Misra’s exaltation of such interrupted writing, if it can be called exaltation at all, entails pulling the carpet out from underneath the written word itself, exposing it for the potential weapon of capitalism that it is. By recasting this written word to serve the trace he is zigzagging after, he makes us realise how a desire to narrate and to narrativise can be a straitjacketing move. And by giving us a text stripped of this particular desire, he makes us confront the unbearable: a text that does not narrate.
Iconoclastic tendencies
Janam Mukherjee helpfully writes in the introduction: “Scissors rend paragraphs, transcripts of taped interviews are included, film scripts are blocked out in unidentified dialogue, and the writer steps forward, out of the text, to comment briefly on the cacophony that abounds…there are voices of maidservants, college boys, babus and bibis, folk singers and ghost voters…he also includes diary entries and poetry, reportage and fantasy. Even Jean Paul Sartre makes an appearance…”
Misra’s iconoclastic tendencies can be seen right from the start, when he mentions a labourer walking briskly on his way to defecate in an open field and Rabindranath Tagore, in the same sentence. Several pages later, he documents an incident in which scholars work hard to prove that Tarzan and Jane were indeed husband and wife, that they were very much lawfully wedded and therefore there was no cause for concern.

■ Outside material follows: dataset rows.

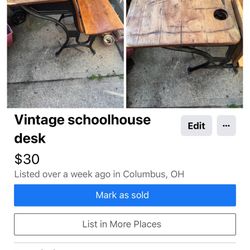 Vintage Schoolhouse Desk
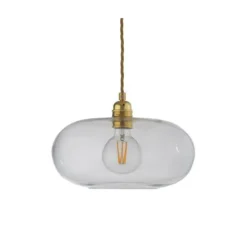 Suspension, Horizon 29, transparent, Ø29cm, H18cm - Ebb and Flow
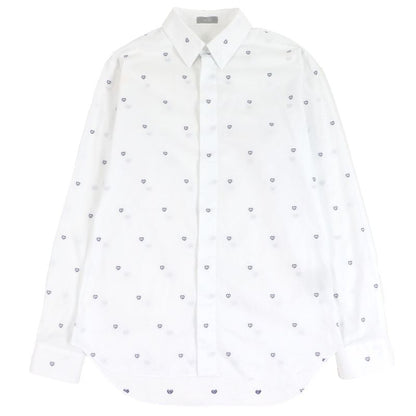 DIOR Homme 013c502a5451 100% Cotton CD Logo Allover Oxford Shirt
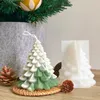 Bougies d'ornement de noël en Silicone, moule à bougies, bricolage d'arbre, artisanat, fabrication de plâtre, résine, savon, moules de cuisson, décoration de maison, 231121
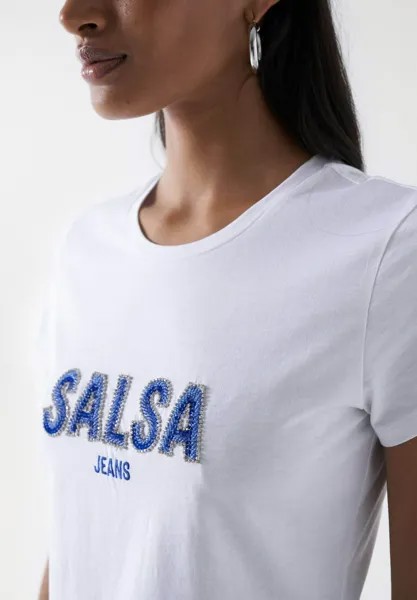 Футболка с принтом Salsa Jeans, weiß
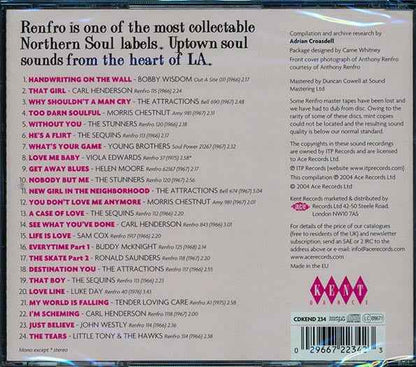 Various - The Renfro Soul Story: Priceless Los Angeles Northern Soul (CD)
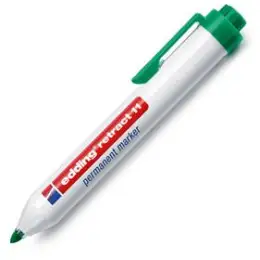 Permanentmarker Edding retract 11 4-11004 1,5-3mm, Rundspitze, grün, Pack 10 Stk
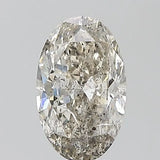 1.00ct Oval Natural Diamond (Colour J, Clarity I1, Cut VG, IGI Certified)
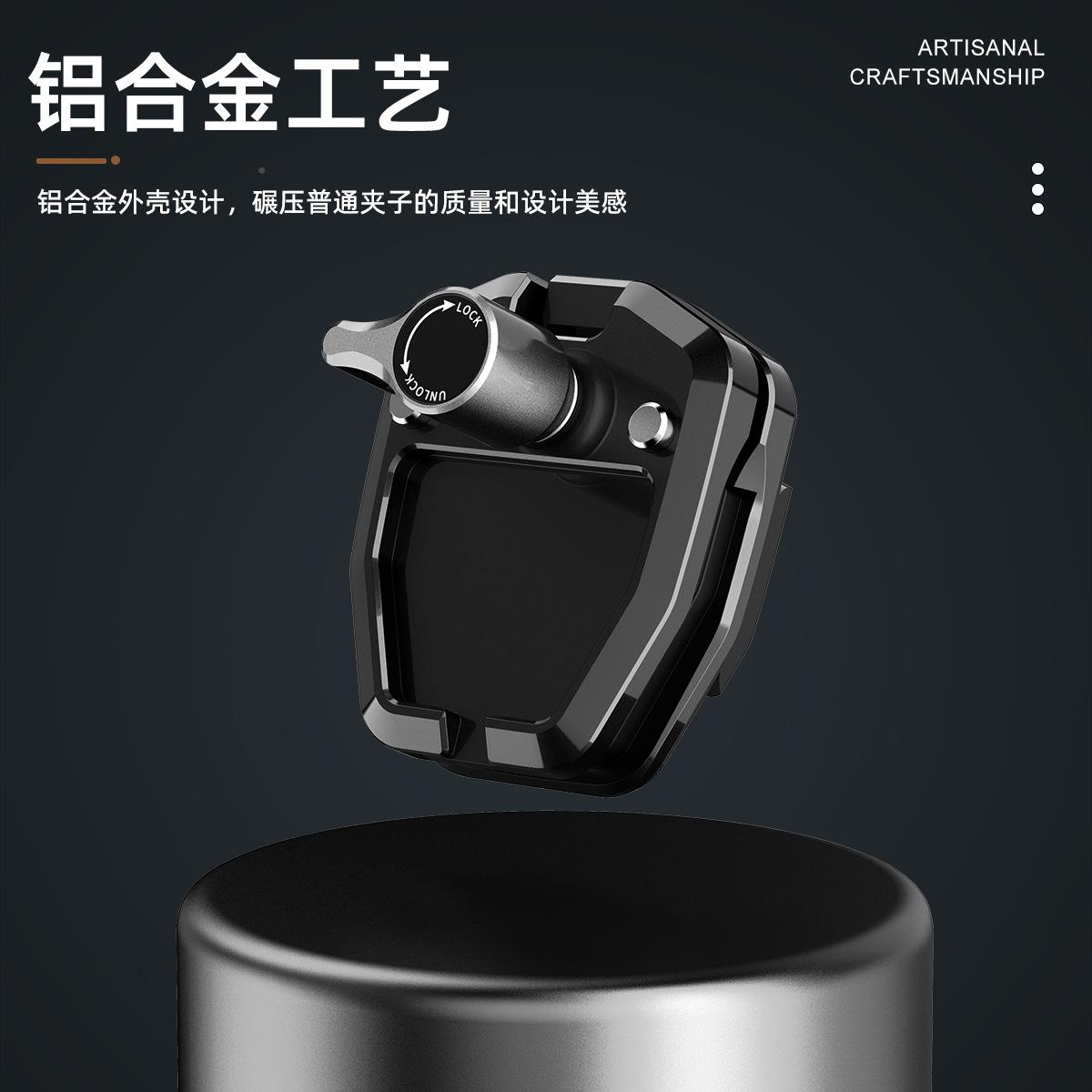 适用于gopoFLW429ac3tion3/4摄insta60骑行拍r摩托车支架风挡夹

On the very first page, almost in the style of found poetry and in a bold font, we find the following quote: “Until now, man has not been able to make a firearm / which fires bullets only in a single direction / and avoids / other directions.” When Ramayan, the man who gives the book its title, dies midway, it’s barely an event.
Even though there is a gherao followed by police brutality, Misra’s style strictly forbids anything along the lines of “sitting with” the problem. Even as one weaves one’s way, amazed, through the mess of words and informations, sardonic injunctions like this one make one stop: “Politics in the name of art is not permitted.” Ramayan Chamar’s last words to the writer are: “Mister, even the dog on the street bares its fangs when it’s kicked, and you’re a human being…”
“Greatest of internal threats”
This Could Have Been Ramayan Chamar’s Tale is one of the two anti-novels presented in this book. The other one is called When Colour is a Warning Sign, and goes even further in its ruthless treatment of narrative and politics. Aided by V Ramaswamy’s skilful translation, this work too sees as its project a constant ripping apart of the painful and insult-laden themes that dominate our daily lives. All throughout, one is at an advantage if one knows the history of the Communist Party in Kolkata, and the movement that started in Naxalbari. But to an uninitiated reader, reading – or trying to read – this book might do an excellent job of creating that initial, initiating impression of what really gave rise to this “greatest of internal threats.”
Would I recommend this book to other readers? Absolutely. Would I be optimistic about their reading experience? Absolutely not. Because I don’t think that’s the point of reading Subimal Misra. The only point – if at all any – is a kind of crucial enlightenment that reaches you in fragments. But if you can manage to gather them, you’ll be a better and stronger reader for it.
This Could Have Become Ramayan Chamar’s Tale: Two Anti-Novels, Subimal Misra, translated by V Ramaswamy, Harper Perennial.